Você, leitor, experimente chorar umas duas vezes numa semana, e verá sua namorada desertar.
Se meus amigos não tivessem pena de mim, diriam que sou desumano. À noite, penso em como devo me comportar para que os traços e os gestos do desumano em mim não traiam a farsa.
Mas, por sorte, eu encontro abrigo em meus poucos mestres. Sim, tenho uns poucos. Nietzsche, Freud, Dostoiévski, Pascal, Cioran, Nelson Rodrigues. Aliás, como disse semanas atrás, tenho lido e relido este meu conterrâneo repetidas vezes nos últimos tempos.
No volume "Não Tenho Culpa que a Vida Seja Como Ela É" (ed. Agir), Nelson conta como sofreu com sua coluna "A vida como ela é..." devido à tristeza de suas histórias. Muitos leitores cobravam dele uma "vida mais feliz"." Mas como fazer da vida algo diferente do que ela é?", pergunta a si mesmo. A verdade é que, às vezes, podemos.
Na primeira história do volume (uma introdução a ele), Nelson Rodrigues conta como, certa feita, esperando para ser atendido num pronto-socorro, viu um bebê chorar pus. E ele sentiu vergonha de sua "felicidade problemática" e de sua "pouquíssima alegria".
Graças a Deus, momentos como esses acontecem.

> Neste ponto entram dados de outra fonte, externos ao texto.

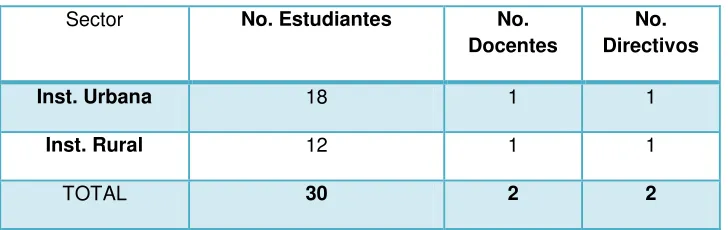 TABLA 1; PARTICIPANTES 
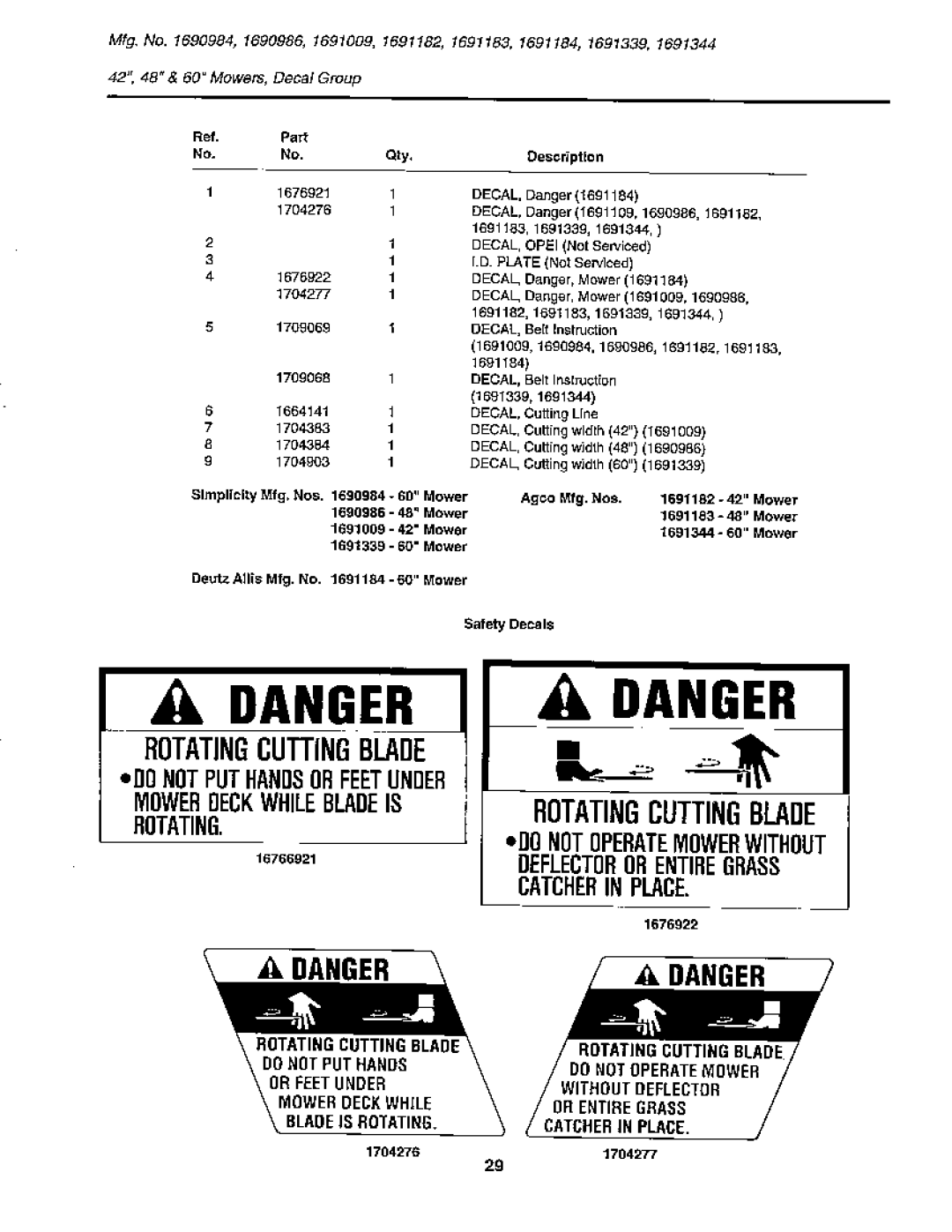 Snapper 1900 Series manual 
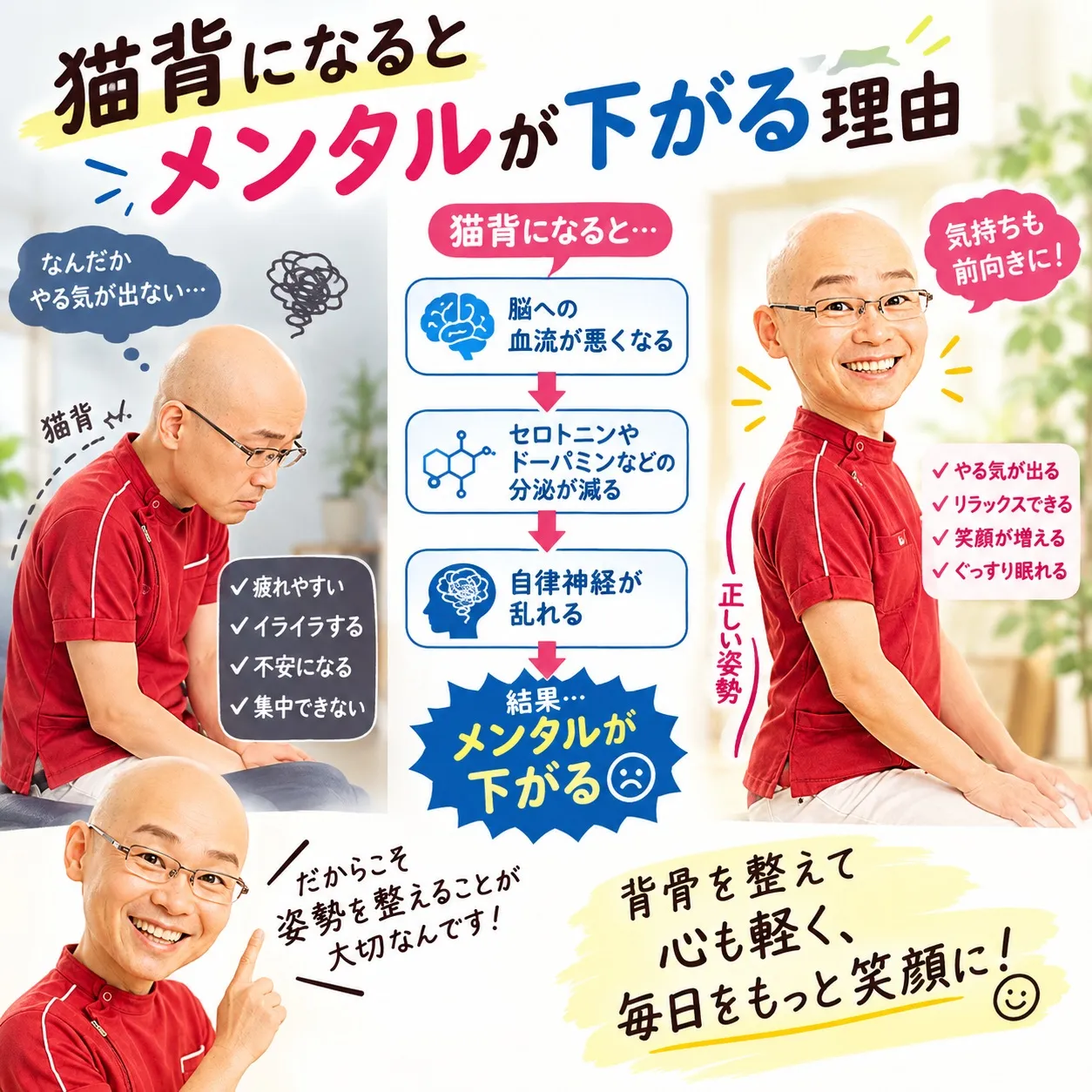 【鶴橋のポキポキしないカイロ整体】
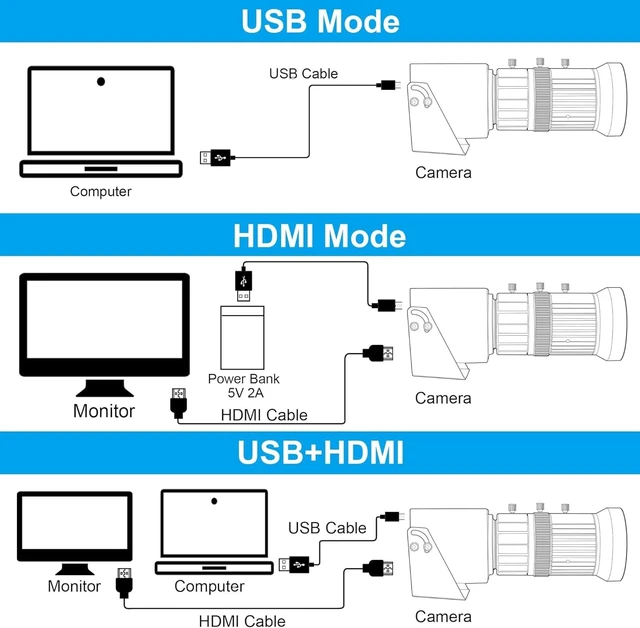 Alt view image 2 of 5 - ALPCAM HDMI 4K USB Camera, 60fps USB3.0 High Speed Webcam for PC
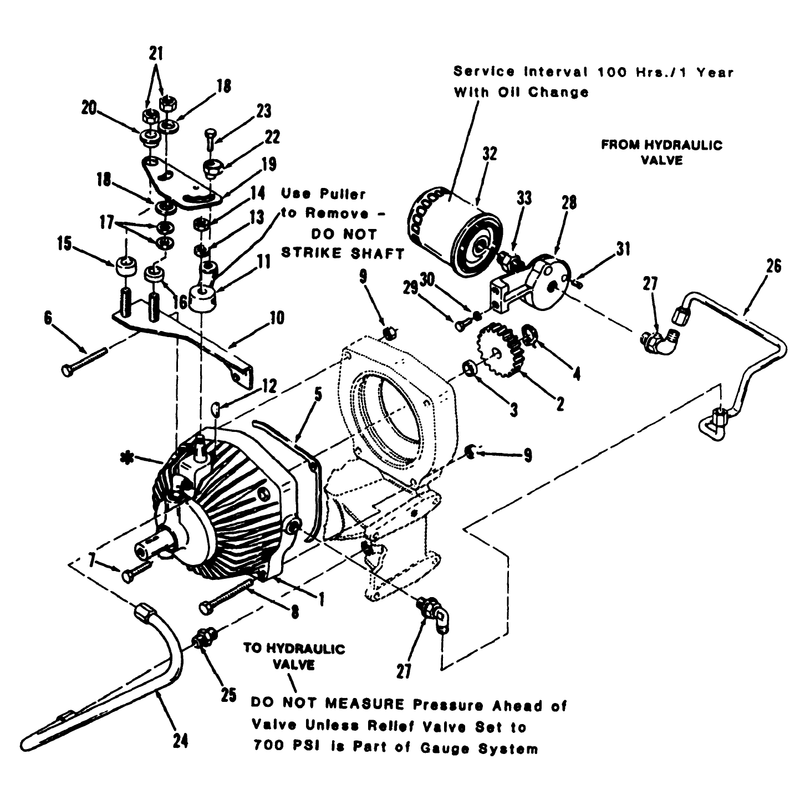 Hydrostatic Transmission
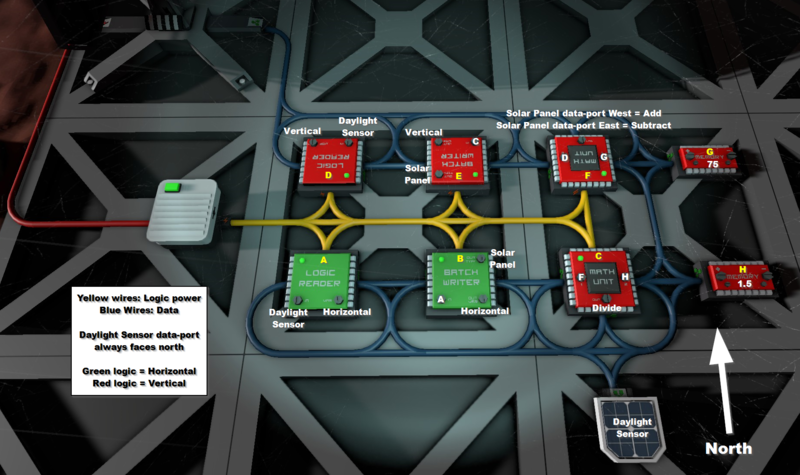 File:2-Axis-Solar-Logic-fixed.png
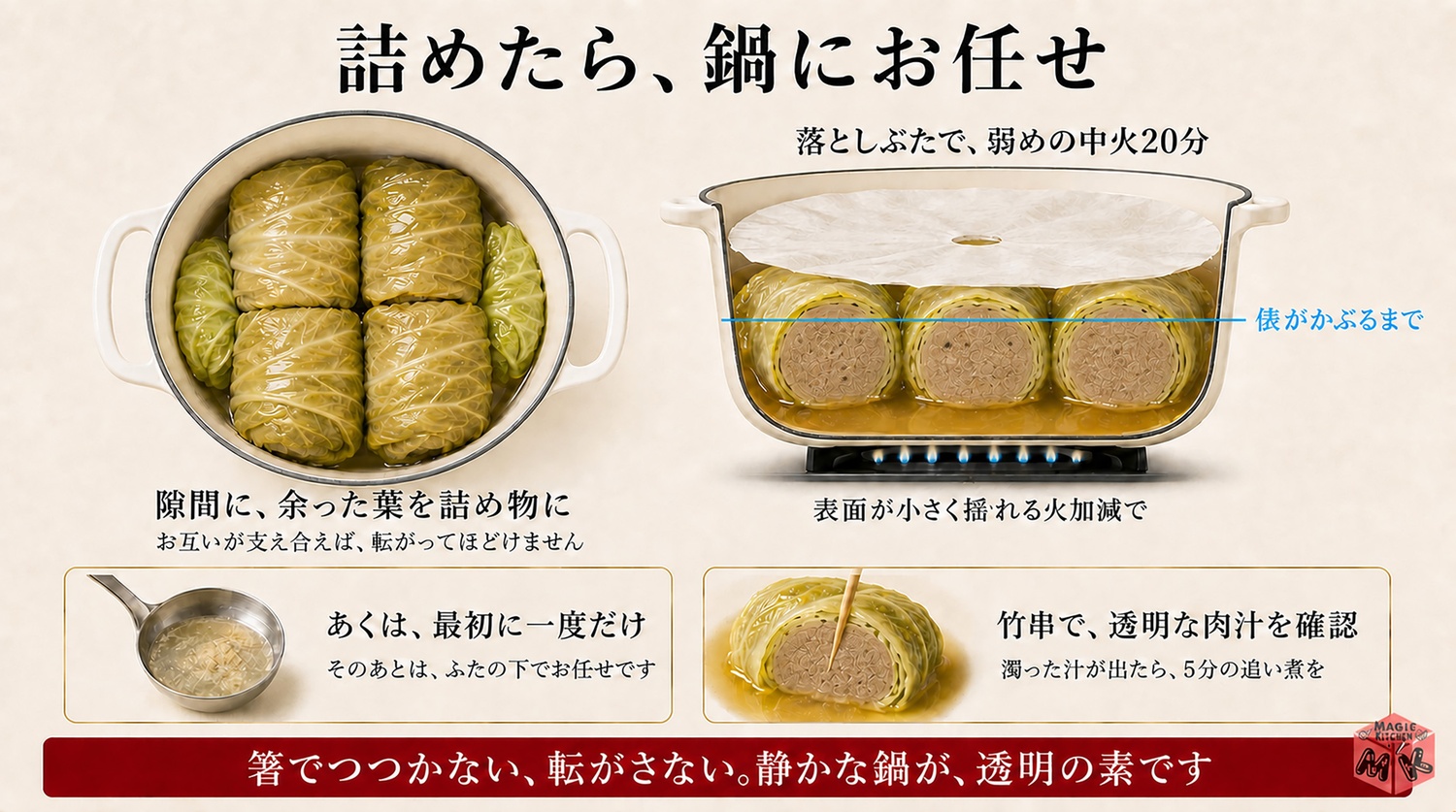 鍋にきっちり詰めて落としぶたで煮る工程図
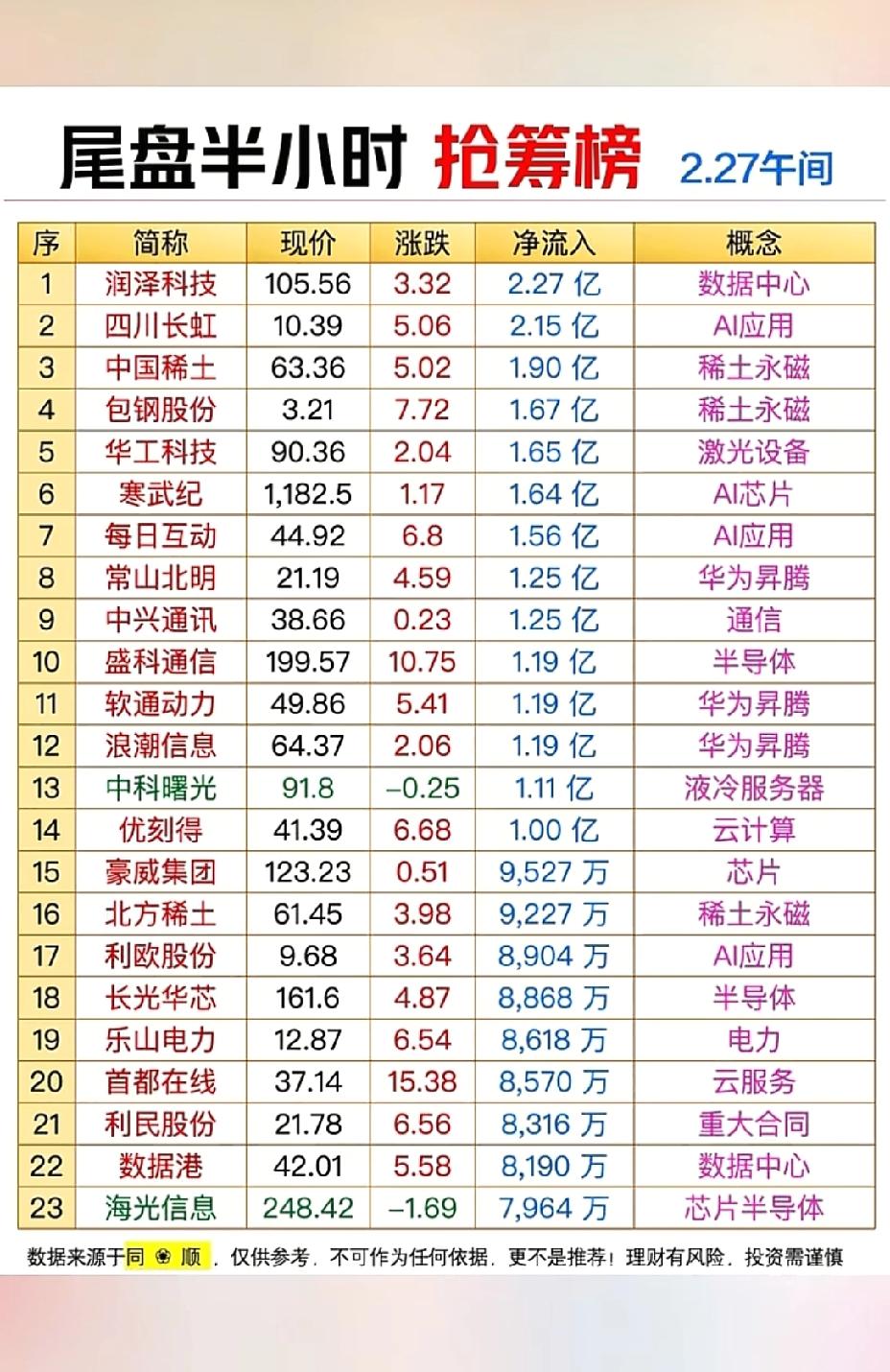 2月27日，周五午盘A股抢筹一览表！！！

润泽科技尾盘半小时主力资金大幅抢筹2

Não sou alguém que tenha consciência social. Aliás, não acredito em ninguém que diga que tenha consciência social e não esteja morto ou miserável por tê-la. "Consciência social" hoje é a essência do marketing social dos bancos. "Consciência social" logo será uma marca de calça jeans, não significa nada, ou está numa prateleira de supermercado ao lado da mostarda.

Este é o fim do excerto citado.